Data segment Block Start

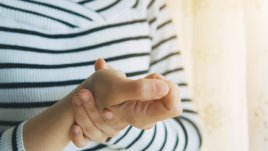 9 възможни причини да ви треперят ръцете 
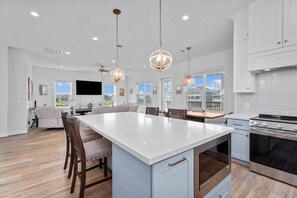 Fridge, microwave, oven, stovetop - Community Pool + Hot Tub | Pointe West | Sleeps 14 (Galveston)
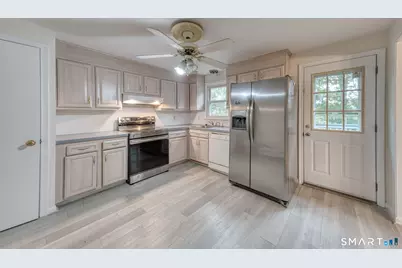 614 Park Avenue, Bloomfield, CT 06002 - Photo 8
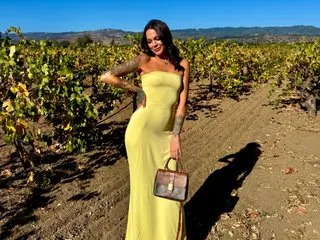 XoxoLux — Streamate cam model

Data segment Block End

▶ [About this exercise]:
Every line above is to be returned exactly, with its pictures removed.

▶ [Result of the task]:
 9 възможни причини да ви треперят ръцете 
 Fridge, microwave, oven, stovetop - Community Pool + Hot Tub | Pointe West | Sleeps 14 (Galveston)
 614 Park Avenue, Bloomfield, CT 06002 - Photo 8
 XoxoLux — Streamate cam model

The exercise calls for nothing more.